> PROBLEM STATEMENT: In your copy of the data, include no pictures and alter nothing else.

> COLLECTED DATA:
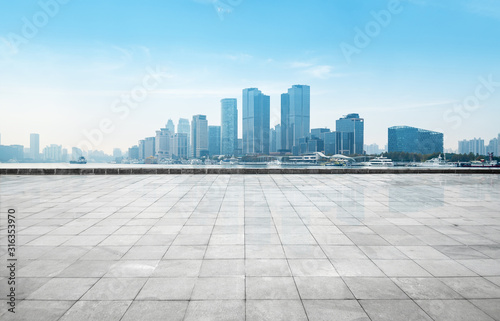 Panoramic skyline and buildings with empty concrete square floor,shanghai,china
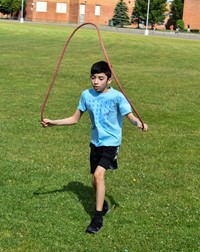 students participating in sixth grade field day event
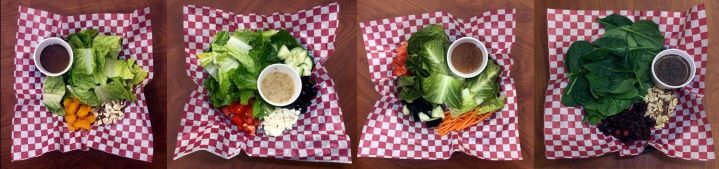four salads in cafe baskets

> SOLUTION FOR THIS EXERCISE:
 Panoramic skyline and buildings with empty concrete square floor,shanghai,china
 students participating in sixth grade field day event
four salads in cafe baskets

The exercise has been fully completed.